[Provided records]

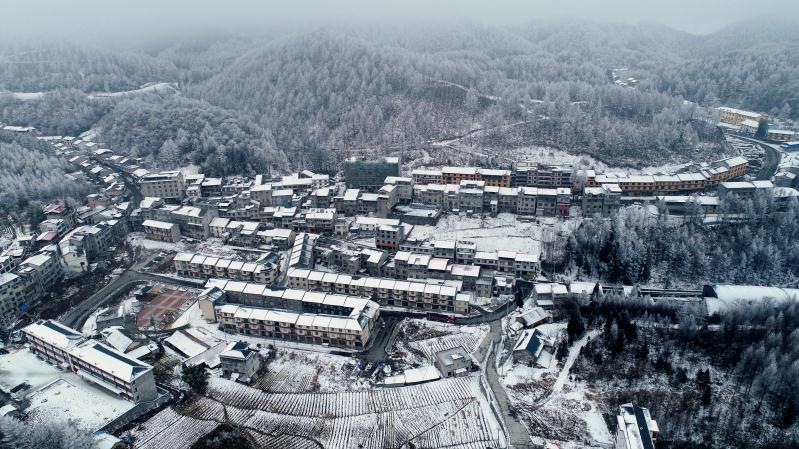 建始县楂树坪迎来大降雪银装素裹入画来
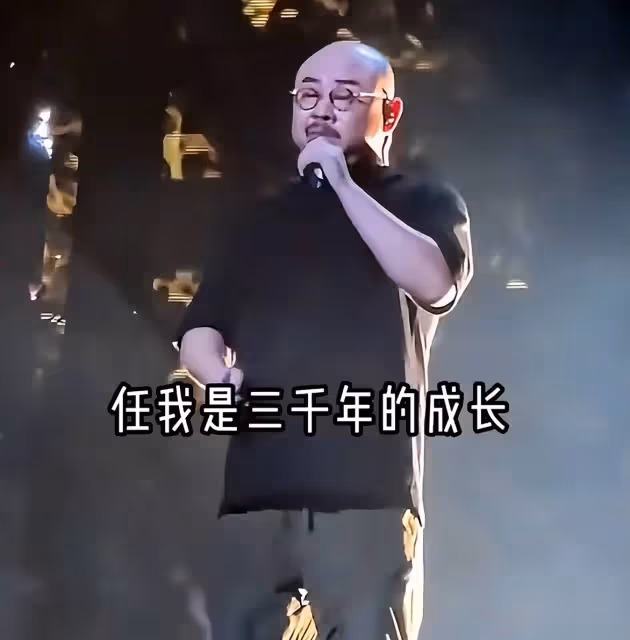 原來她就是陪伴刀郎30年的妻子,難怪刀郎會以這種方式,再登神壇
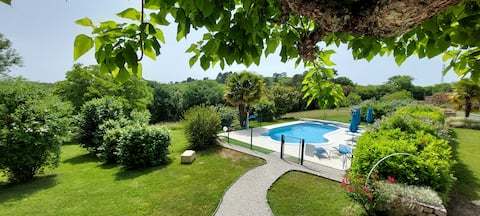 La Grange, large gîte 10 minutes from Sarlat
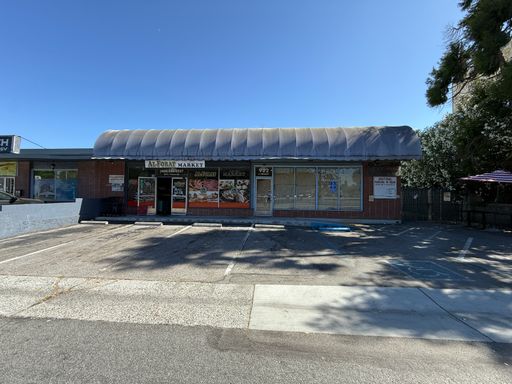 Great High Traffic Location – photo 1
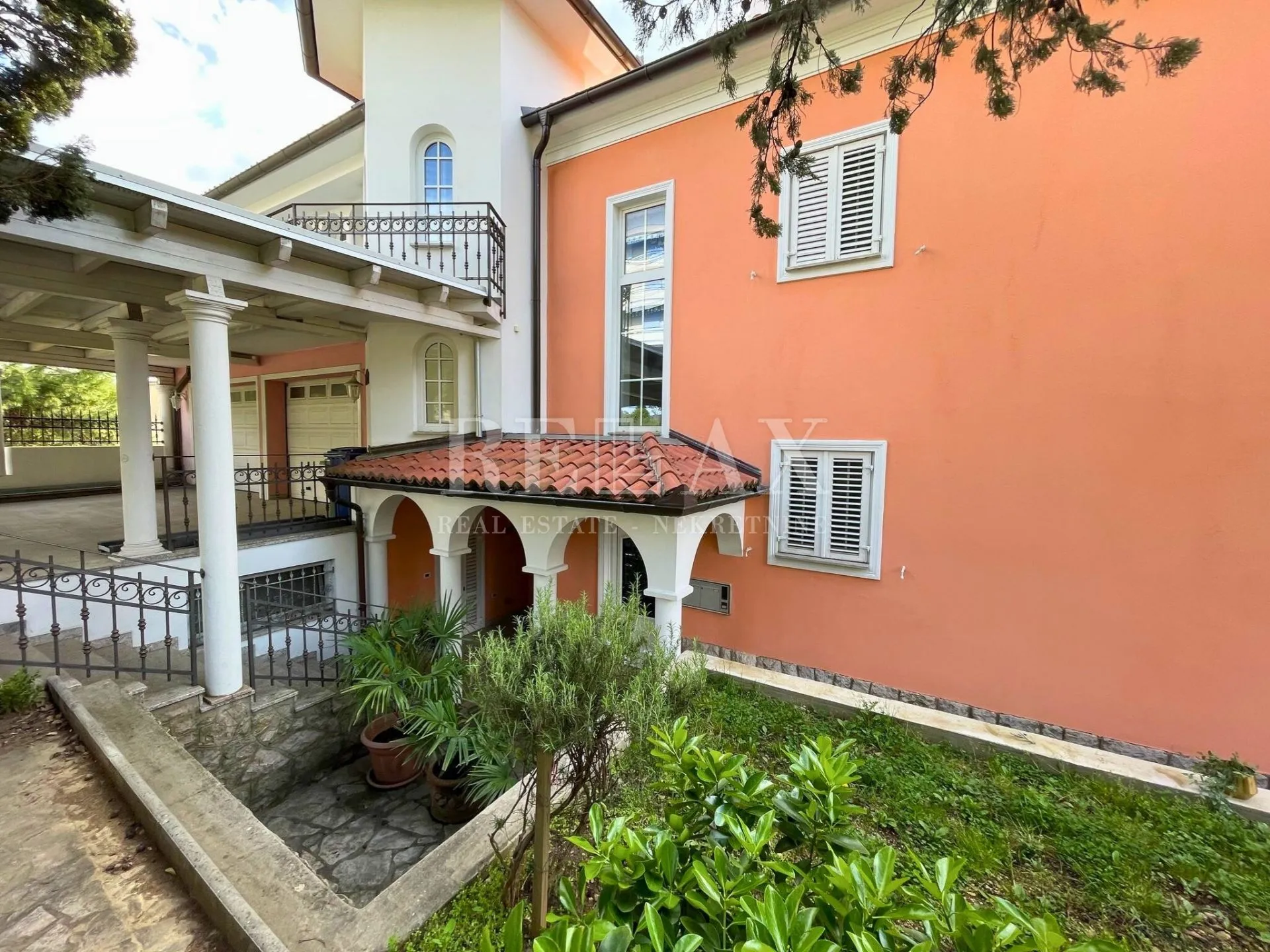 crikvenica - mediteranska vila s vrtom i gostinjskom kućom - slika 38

[/Provided records]

- [Your assignment]:
Every record is to be reproduced exactly, with no pictures included.

- [Exercise response]:
 建始县楂树坪迎来大降雪银装素裹入画来
 原來她就是陪伴刀郎30年的妻子,難怪刀郎會以這種方式,再登神壇
 La Grange, large gîte 10 minutes from Sarlat
 Great High Traffic Location – photo 1
 crikvenica - mediteranska vila s vrtom i gostinjskom kućom - slika 38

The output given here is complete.